Mais pour l’heure, l’ami Christophe est plutôt absent. Quatre heures après le moment prévu pour l’interview, il est enfin au bout du fil, mais pas vraiment en état de répondre. De son hôtel parisien, l’homme du Finistère nous accordera un entretien confus, plus près du timide introverti que de la grande gueule terrible. Entre deux grognements, il s’en prendra aux «major compagnies» et aux pantins souriants de la variété française. On ne voudrait pas être mauvaise langue, mais ce n’est pas pour rien que son premier disque s’appelait Boire.

En France, Miossec vient tout juste de lancer son troisième album, intitulé A prendre, mais malheureusement pour nous, c’est Baiser, son album précédent, qui vient d’être lancé ici. Informé de la situation, l’homme se renfrogne. «C’est ridicule, non? C’est chiant, parce qu’en plus, c’est un album que je n’ai pas envie de défendre. C’est un disque qui a été fait il y a deux ans, et on en a vendu 140 000 exemplaires en France et peut-être 353 chez vous… Je suis vachement content de venir au Québec mais, au fond, y a pas de raison.»

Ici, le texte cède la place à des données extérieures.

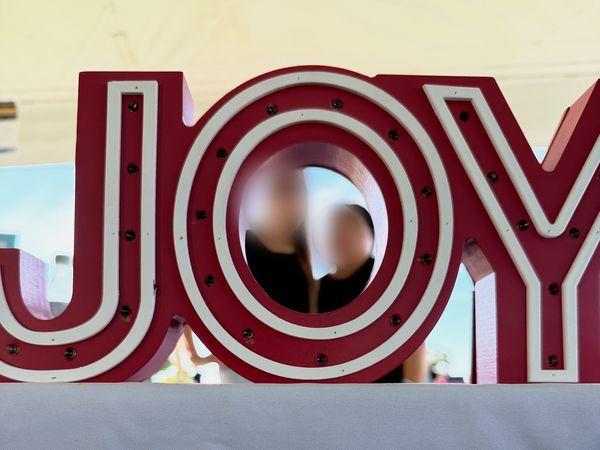 Large lighted JOY marquee letters at the Joy Mental Health Group booth at the Out of the Darkness Walk on Belle Isle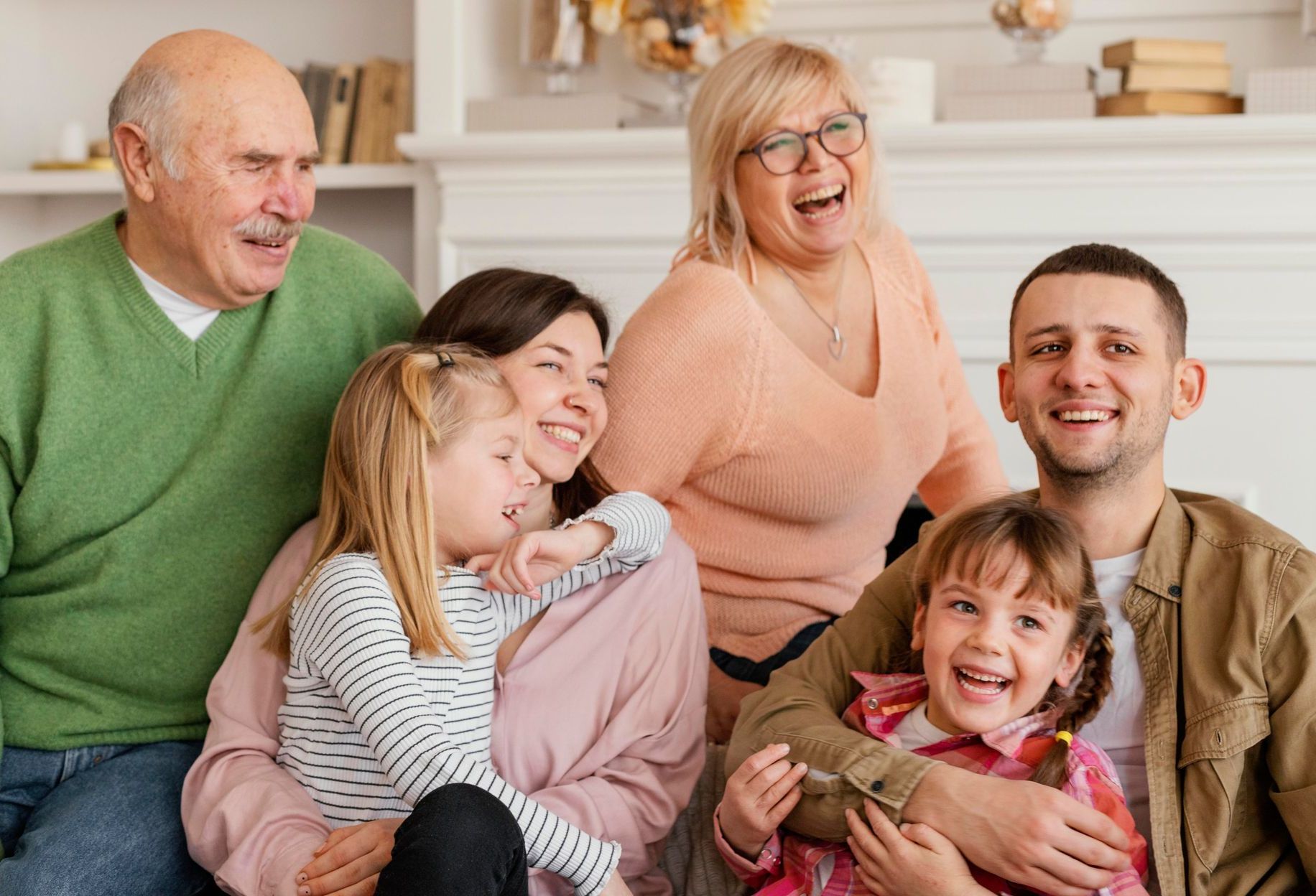 A large family is sitting on the floor in a living room.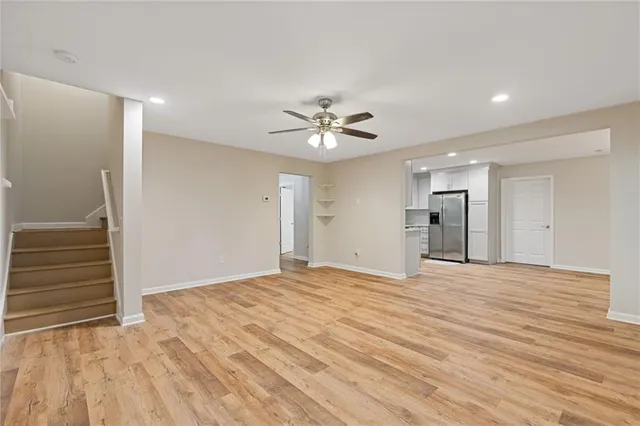 a view of an empty room with a window and wooden floor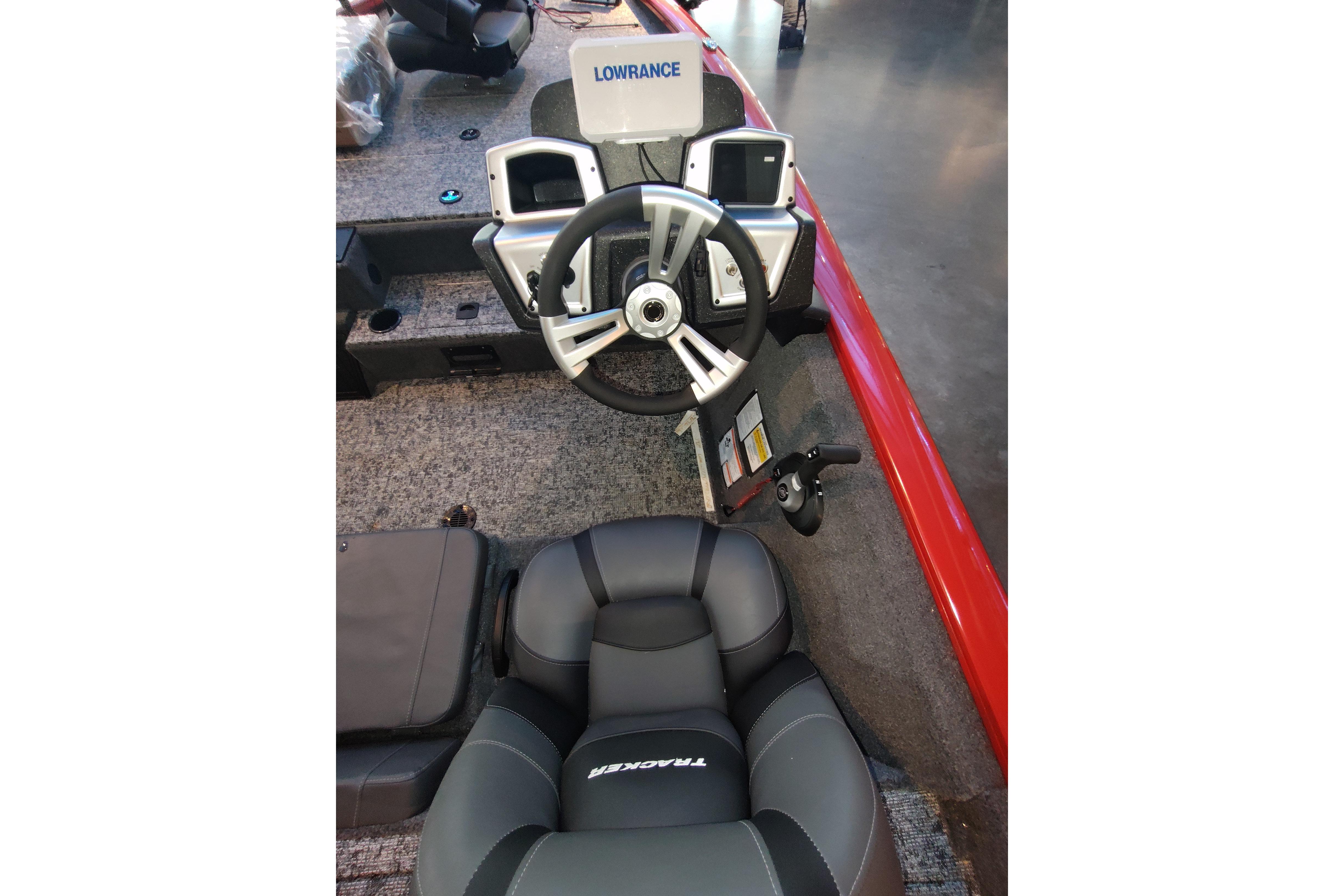 2026 Tracker Pro Team 195 boat interior with steering wheel and Lowrance electronics.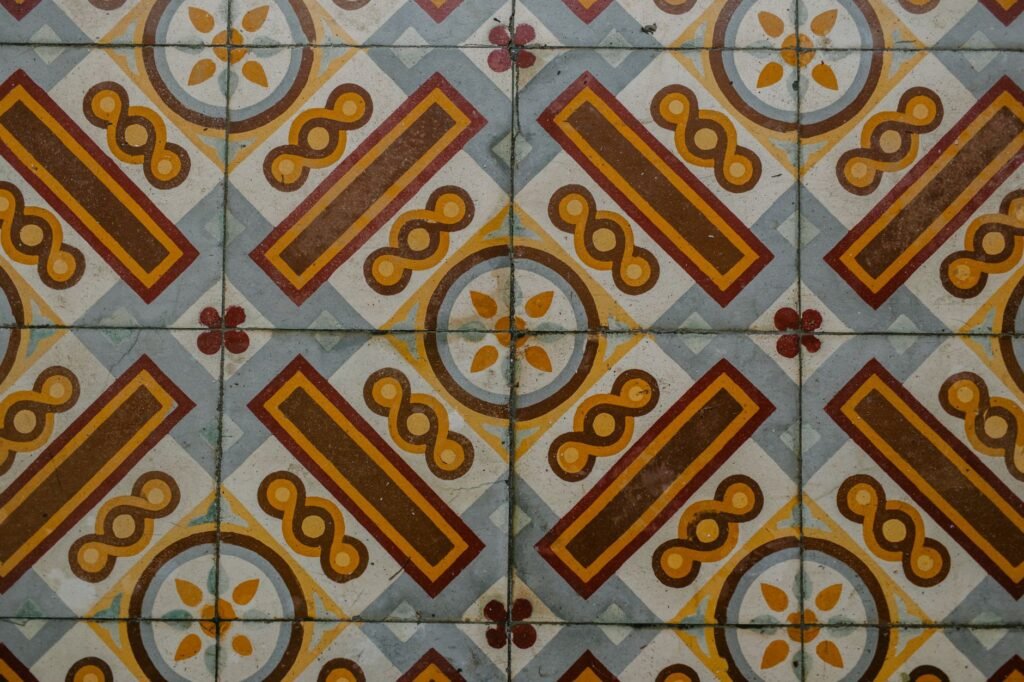 Patterned floor tiles with orange, yellow, and blue geometric shapes and small floral accents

Quoi? Pas envie de le défendre? M’enfin, Christophe! Baiser, c’est pas rien; musicalement, ça représente quand même toute une évolution par rapport à Boire, non? Plus musical, plus mélodique, c’est le triomphe de Miossec-le-groupe sur Miossec-le-chanteur, l’avènement d’une écriture véritablement musicale! «Non, il est pas très bon. Bof, y’a bien trois ou quatre chansons qui me plaisent, mais. C’est vachement naïf comme musique; tu sais, commencer à écrire des chansons à trente ans, c’est un peu couillon.»

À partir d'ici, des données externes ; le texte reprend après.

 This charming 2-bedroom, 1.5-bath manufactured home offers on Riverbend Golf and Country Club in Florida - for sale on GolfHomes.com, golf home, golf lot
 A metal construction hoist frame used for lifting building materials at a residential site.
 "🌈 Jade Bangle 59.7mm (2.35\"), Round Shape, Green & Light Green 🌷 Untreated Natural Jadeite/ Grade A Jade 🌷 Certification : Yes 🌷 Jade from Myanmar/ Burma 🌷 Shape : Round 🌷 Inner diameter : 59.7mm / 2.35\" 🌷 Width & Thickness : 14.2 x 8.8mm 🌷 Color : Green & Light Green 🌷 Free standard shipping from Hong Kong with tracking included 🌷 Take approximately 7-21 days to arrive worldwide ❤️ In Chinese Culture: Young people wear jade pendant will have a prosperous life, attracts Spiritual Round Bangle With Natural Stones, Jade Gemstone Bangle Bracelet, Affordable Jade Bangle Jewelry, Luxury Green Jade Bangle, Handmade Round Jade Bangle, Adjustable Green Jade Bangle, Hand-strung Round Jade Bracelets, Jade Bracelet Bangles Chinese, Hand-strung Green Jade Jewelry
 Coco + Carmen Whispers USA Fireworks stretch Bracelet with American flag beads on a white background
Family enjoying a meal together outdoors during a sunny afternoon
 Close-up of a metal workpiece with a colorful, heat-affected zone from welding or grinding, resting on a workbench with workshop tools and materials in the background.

N’empêche, d’après ce qu’on a pu entendre du dernier disque, la plume de Miossec, ex-journaliste reconverti en auteur de chansons, ne s’est pas tarie. Grâce à quelques extraits glanés sur Internet (http://www.mygale.org/10/miossec/pirate.html), on a même pu constater que la musique prend de l’ampleur et s’éloigne du terrain déjà défriché. «Au troisième album, ça devient vraiment ton métier. Faire des disques d’or chaque fois, ça va, mais je me comporte comme un punk, je me fous de la compagnie de disques. Normalement, à ce moment-là, ça devient de la grande chanson française, mais moi, j’en ai rien à foutre, je préfère faire des trucs subversifs.»

Alors, Christophe, tu fais des disques pour emmerder les gens? «Non, au contraire, je fais des disques pour plaire aux gens, mais surtout pour me plaire, quoi. Sur ce disque, y a des quatuors à cordes en-veux-tu-en-voilà. C’est un genre de truc after-punk, y a des choses vachement dégoûtantes. On n’est pas là pour plaire. Tiens, disons qu’on n’est pas là pour plaire aux Québécois! Comme ça, je suis sûr que ça sera inscrit dans le journal.»

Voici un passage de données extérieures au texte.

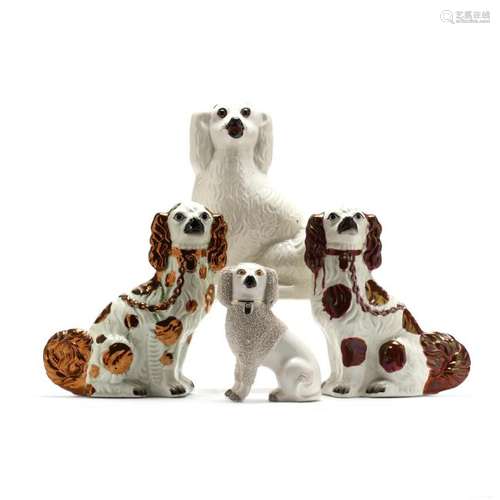 Four Antique Staffordshire Spaniels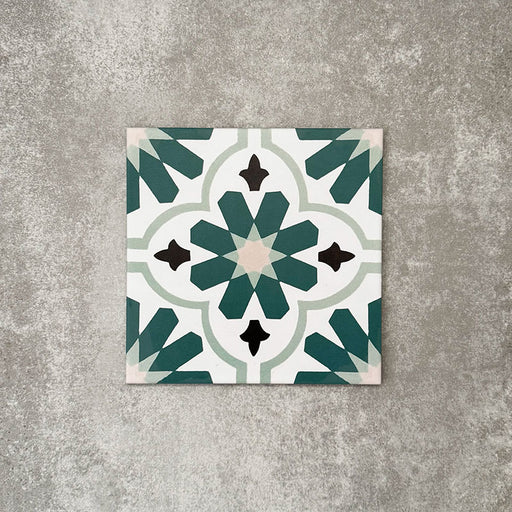 Clara Teal Victorian Moroccan-style porcelain tile in a 20 × 20cm format, shown as a single tile highlighting its teal and green geometric pattern with a decorative encaustic-effect design.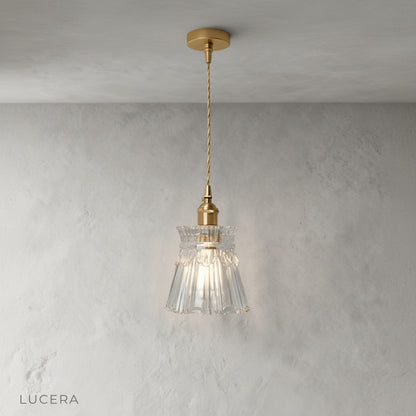 close-up detail of brushed brass pendant light glass diffuser with warm glow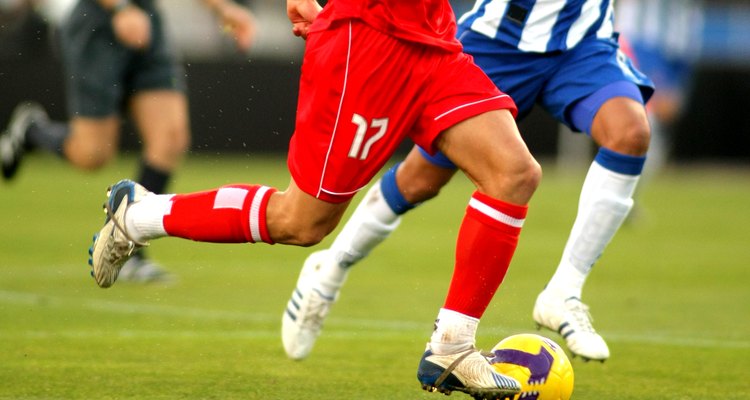 Jogador de futebol correndo com bola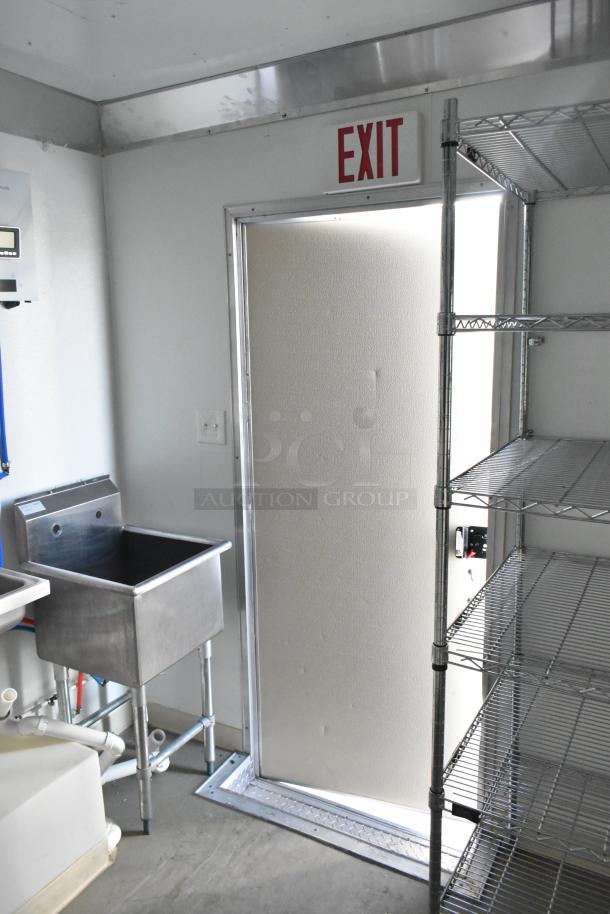 2021 Diamond Cargo 8.5' x 24' trailer interior with stainless steel sink, wire shelving, and an "EXIT" sign above the door.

On n’en saura guère plus sur A prendre, il faudra attendre qu’il nous arrive l’an prochain. On quittera Miossec en restant sur sa faim, avec la promesse de se reparler dans de meilleures circonstances et, surtout, celle d’assister à un concert qui promet d’être mémorable, avec ou sans explications. «Je dis n’importe quoi, je devrais me taire dans les interviews. De toute façon, t’as qu’à raconter n’importe quoi, puis tu dis que c’est moi qui l’ai dit.»